We thank the reviewer for this valuable suggestion. While this study focused on evaluating classification performance, we acknowledge the importance of interpretability for clinical applications. At present, explicit feature importance analysis SHAP values are not included. We have highlighted this as a limitation and an important direction for future work. Feature importance analysis will be incorporated to better understand the contribution of specific features such as jitter, shimmer, and cepstral coefficients. Please see page 21 lines 798-804.
- The study focuses on classification (PD vs HC), but PD is a progressive disease.
- Can this framework be extended to predict disease severity (e.g., UPDRS scores) or longitudinal progression?
- This would significantly enhance clinical applicability.
Response:
We thank the reviewer for this insightful comment. We agree that extending the framework beyond binary classification to predict disease severity and progression would significantly enhance clinical applicability.
While this study focuses on PD vs HC classification, the proposed feature extraction and modeling framework can be extended to regression or multi-class tasks, such as predicting clinical scores (e.g., UPDRS) or tracking longitudinal changes. This will be explored in future work using datasets with annotated severity and follow-up recordings. Please see page 21 lines 805-808.
- The current study focuses solely on speech-based biomarkers. However, multimodal approaches may further improve diagnostic performance.
- Combining speech features with neuroimaging biomarkers, particularly quantitative susceptibility mapping (QSM) or other MRI-based measures of nigrostriatal degeneration, could provide complementary information.
- Such integration may enhance both diagnostic accuracy and pathophysiological interpretability, especially in early-stage PD.
- The authors are encouraged to discuss the potential of multimodal frameworks integrating speech and imaging data.
Please consider including the following papers in the manuscript: 10.1002/mds.27717
Response:
We agree that multimodal approaches integrating speech features with neuroimaging biomarkers, such as quantitative susceptibility mapping (QSM) or other MRI-based measures, could provide complementary diagnostic information.
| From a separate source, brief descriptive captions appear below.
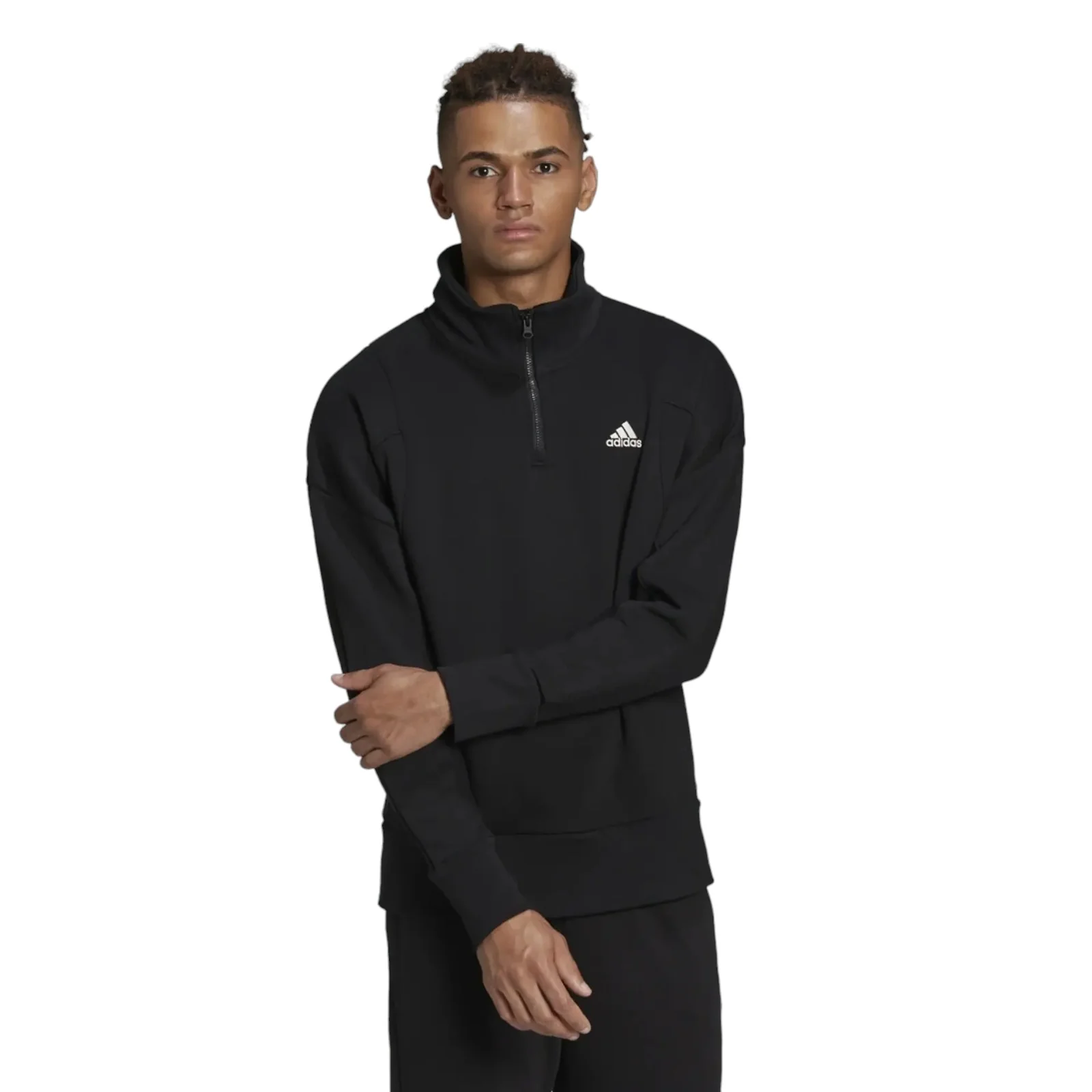 adidas Studio Lounge Fleece Half-Zip Sweatshirt - Black - Image 2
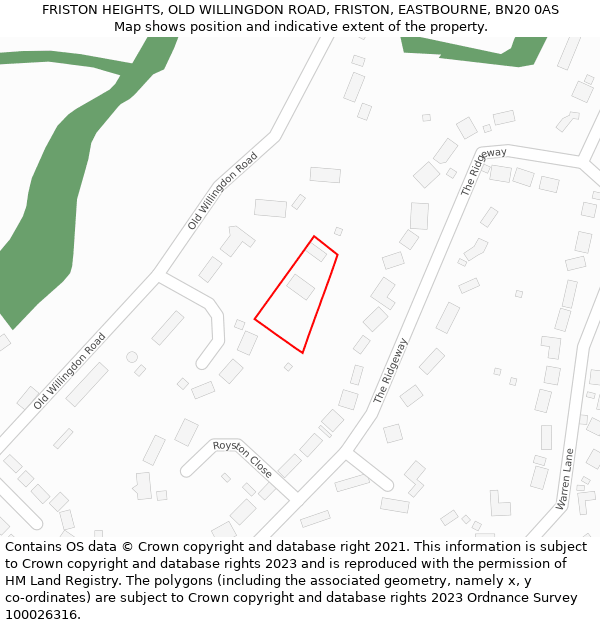 FRISTON HEIGHTS, OLD WILLINGDON ROAD, FRISTON, EASTBOURNE, BN20 0AS: Location map and indicative extent of plot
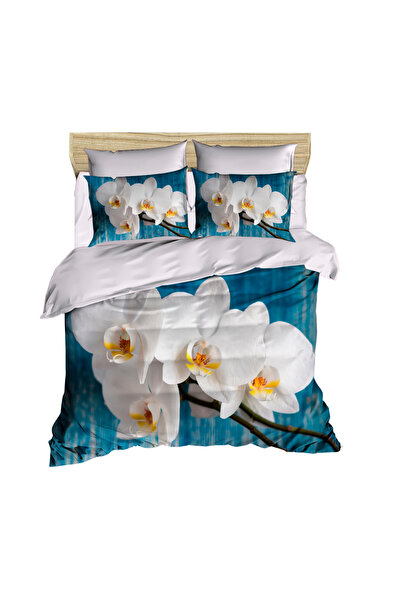 Fabeteks White Orchid Flower 3D Digital Double Duvet Cover Set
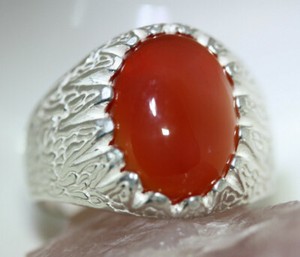 AMAZING-MEN-039-S-10-CT-OVAL-CAB-CARNELIAN-AGATE-STERLING-SILVER-RING-SZ-10-US-MADE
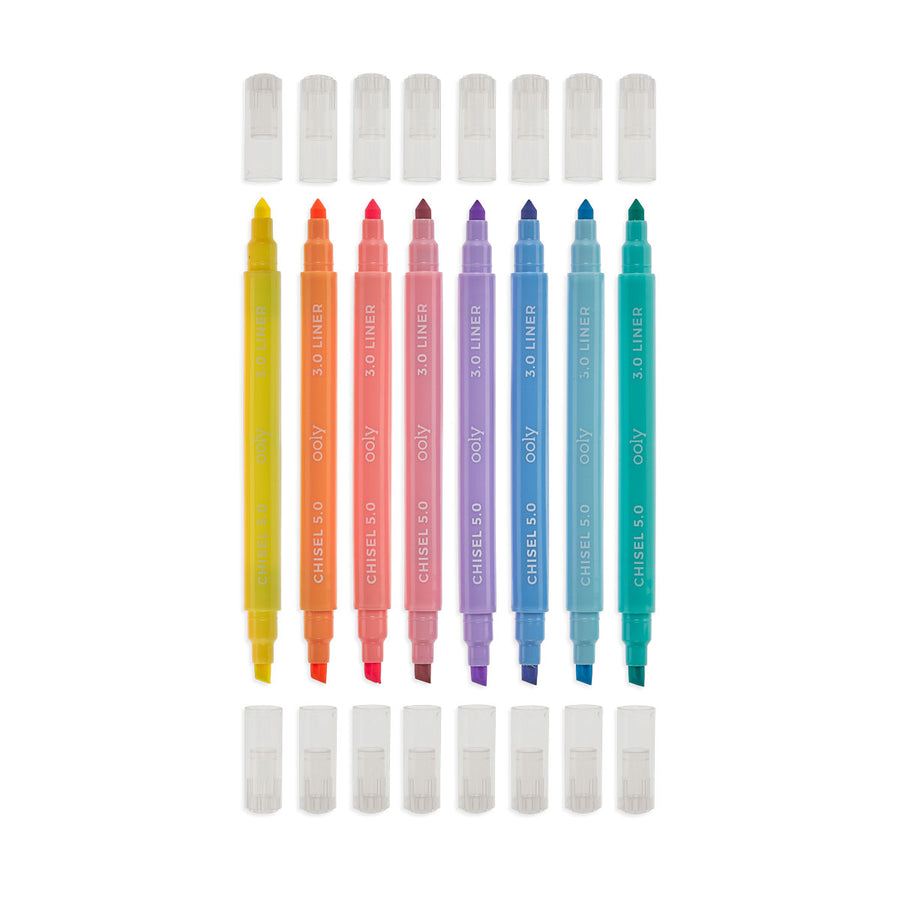 Pastel Liners Double Ended Markers - Set of 8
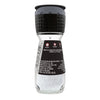 A clear glass grinder bottle of Mccormick Salt Sea 2.12 Oz, featuring a black and gray top with adjustable grind settings for coarse, medium, or fine, and a label displaying McCormick &amp; Co. Inc. contact information and a barcode.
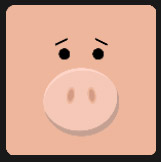 character pig with big nose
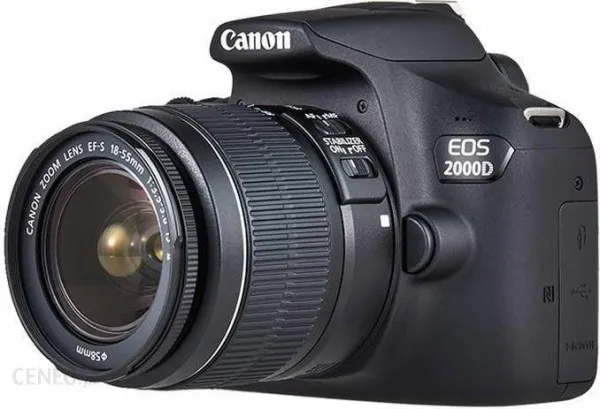 Canon EOS 2000D   LP-E10 batteri - Digitalkamera - SLR - 24.1 MP - APS-C - 1080p / 30 fps - 3x optisk zoom EF-S 18-55 mm IS II objektiv - Wi-Fi, NFC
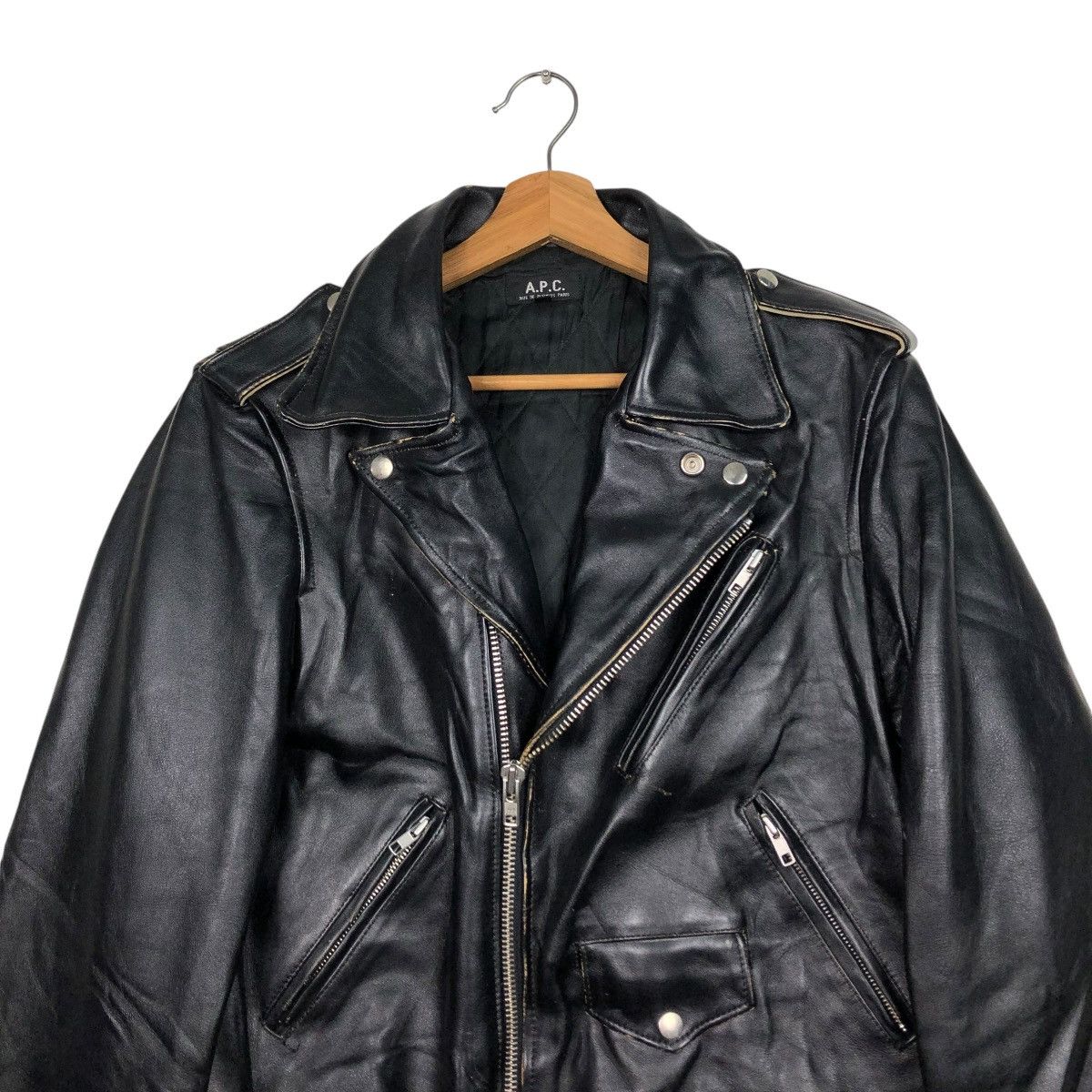 A.P.C. 🔥VINTAGE BIKE LEATHER JACKET APC DOUBLE COLLAR ISSEY MIYAKE Size US M / EU 48-50 / 2 - 3 Thumbnail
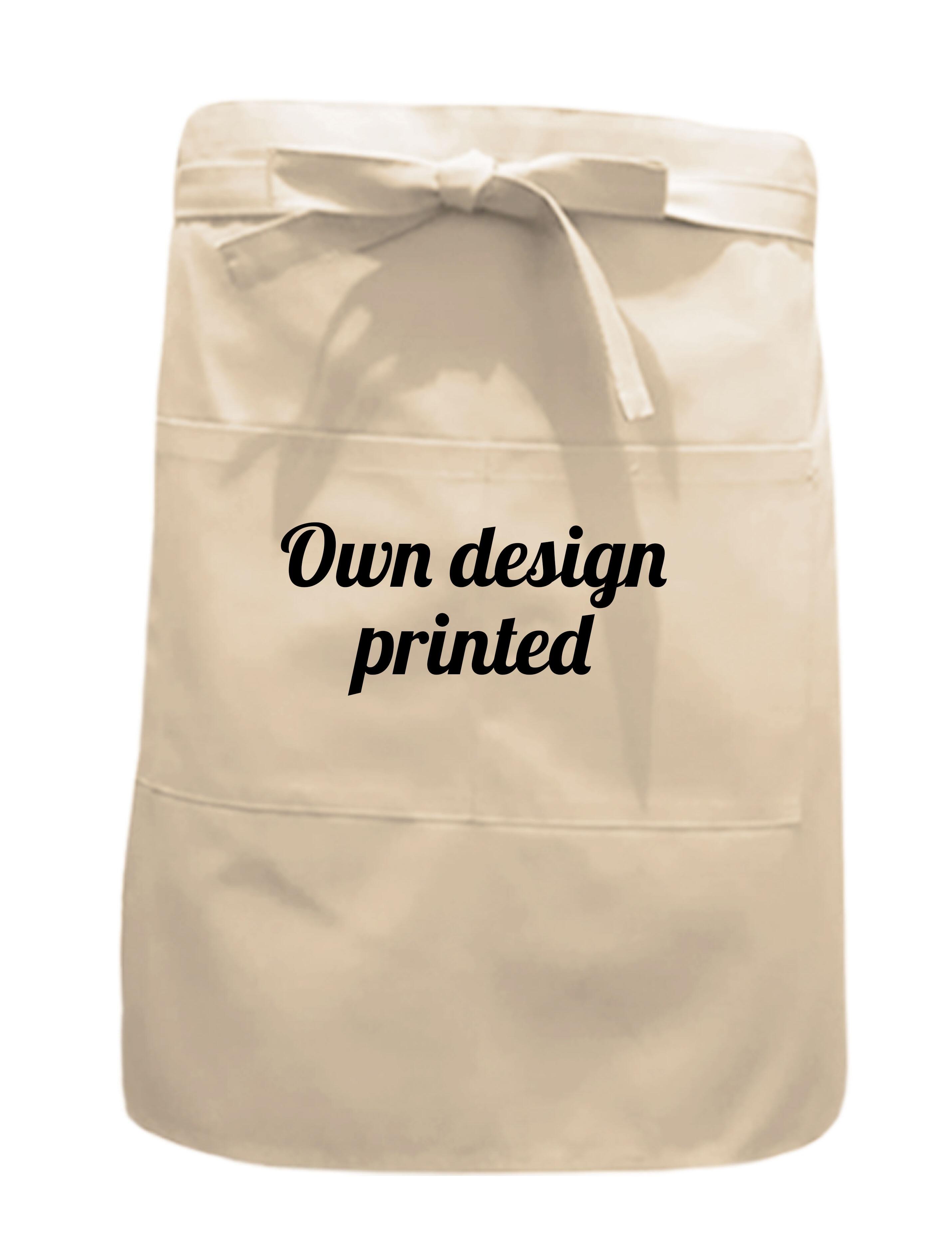 Personalised half waist apron with pockets cream printed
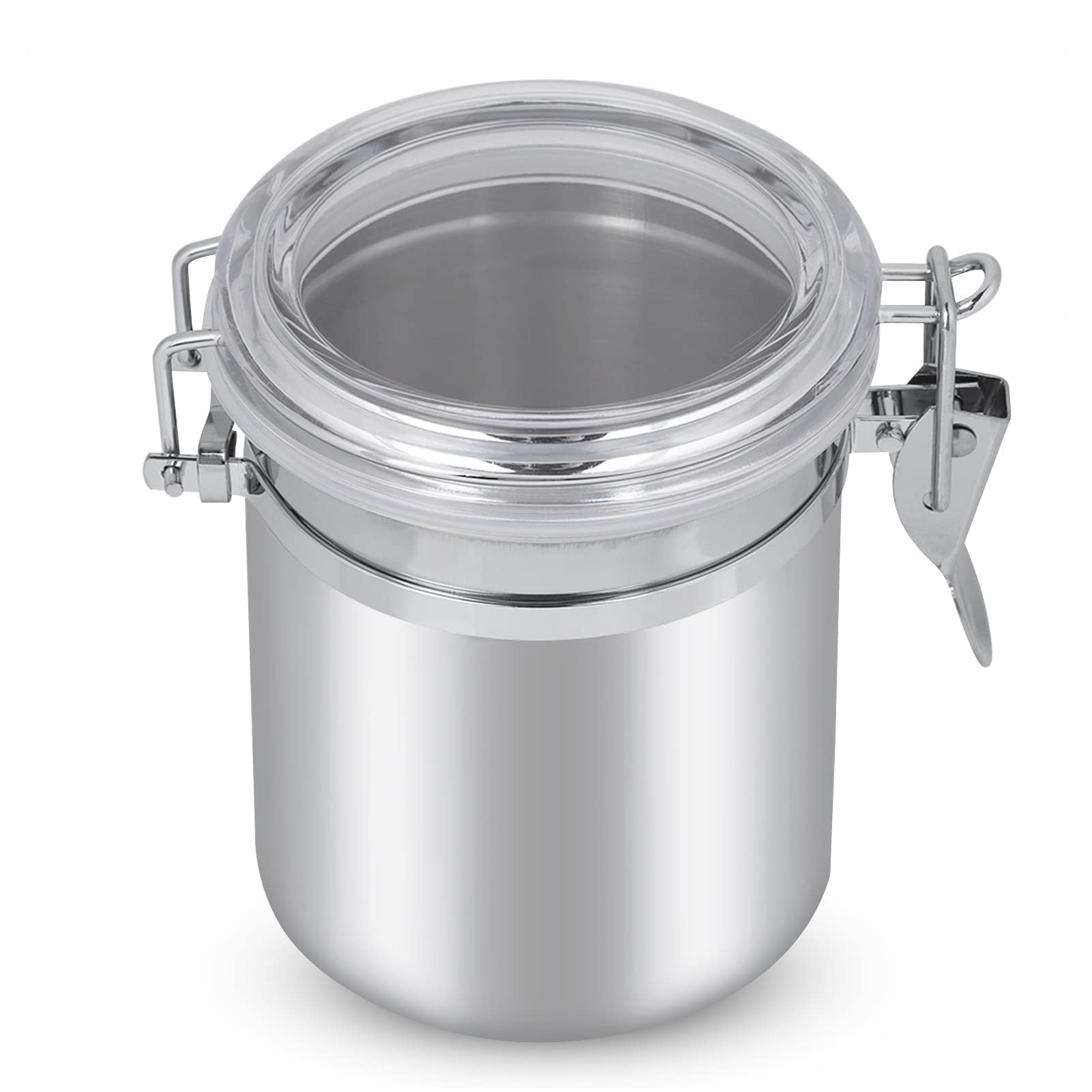 HERCHR Coffee Canister Airtight Capacity Range 200g to 300g Stainless Steel Kitchen Food Storage Container with Transparent Window Vacuum Airtight Coffee Canister Sealed Storage Jar for Tea Sugar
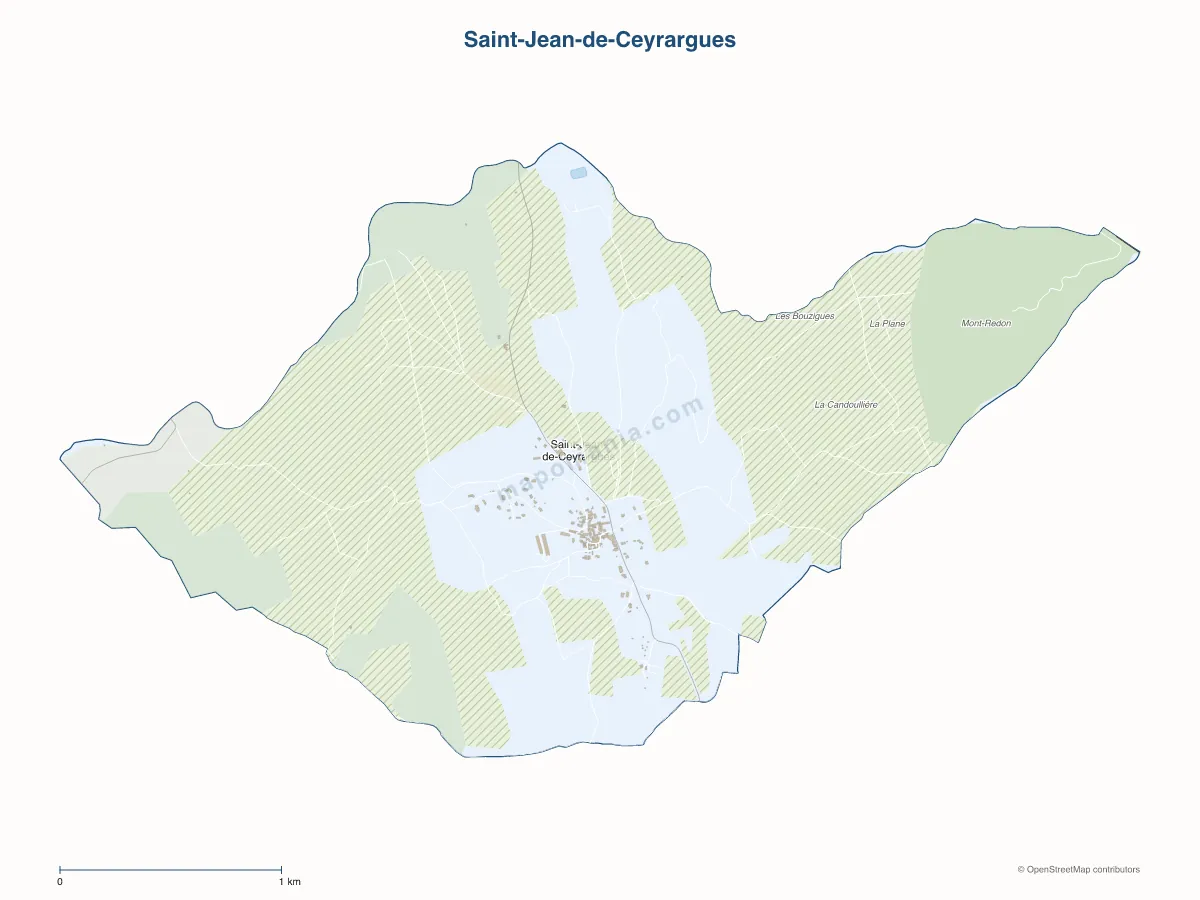 Carte de Saint-Jean-de-Ceyrargues à personnaliser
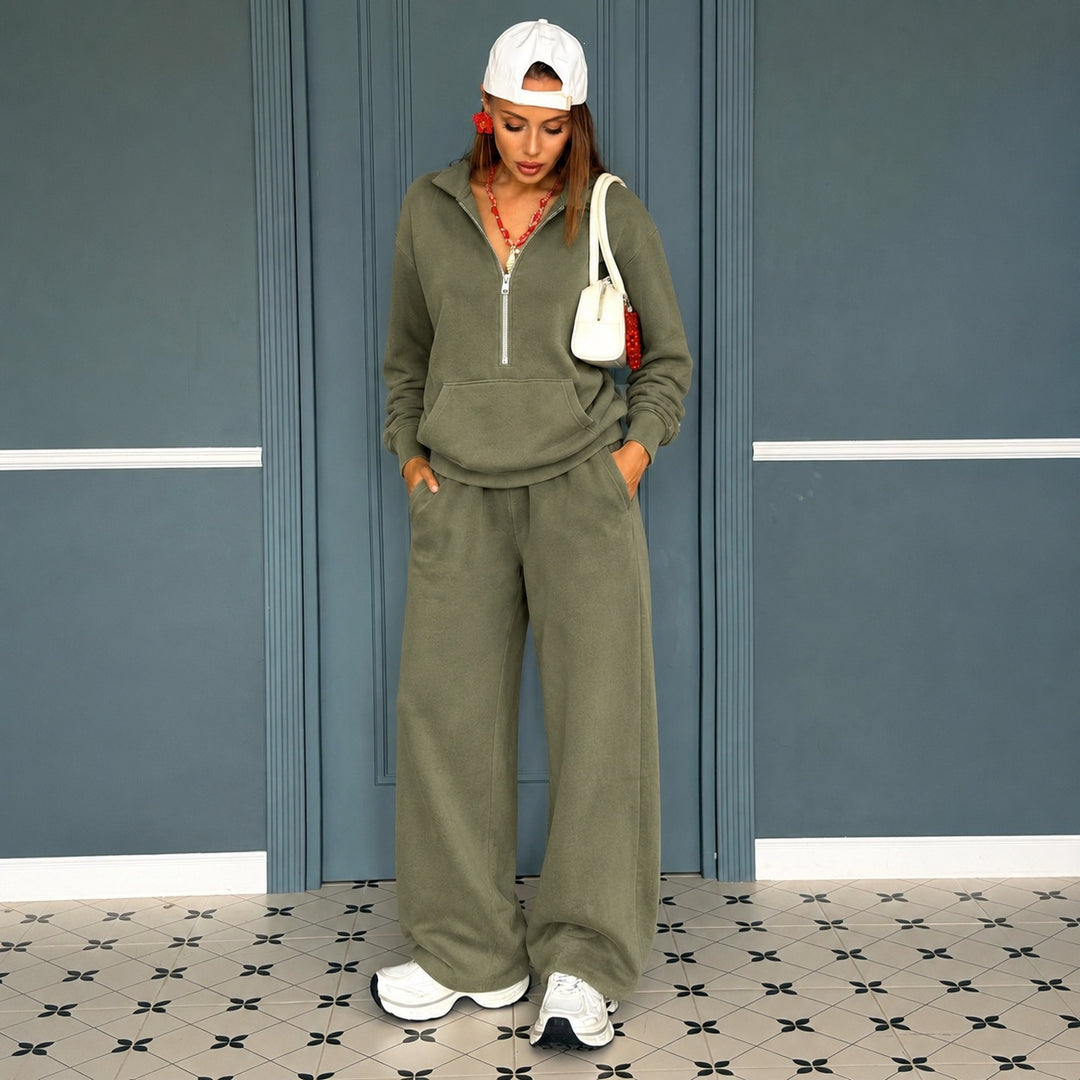 Damen lässiges Zip-Sweatset mit Polokragen und weitem Jogger-Schnitt – Avérine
However, access to such medical imaging data is often limited due to privacy concerns and the lack of publicly available datasets.
While this study focuses on speech-based analysis, future work will explore multimodal frameworks incorporating imaging and clinical data, contingent upon the availability of appropriate datasets or the ability to collect such data in compliance with ethical and regulatory requirements. Please see page 21 lines 808-814.
We hope that these revisions and clarifications address all concerns and enhance the quality, transparency, and impact of our article and also hope that the revised manuscript is now accepted for publication.
I am looking forward to hearing from you, and I would like to thank you in advance for your attention and your time.
Sincerely,
Dr. Mohammad Amran Hossain
On behalf of all authors
Round 2
Reviewer 2 Report
Comments and Suggestions for Authors
The authors addressed concerns from reviewers properly.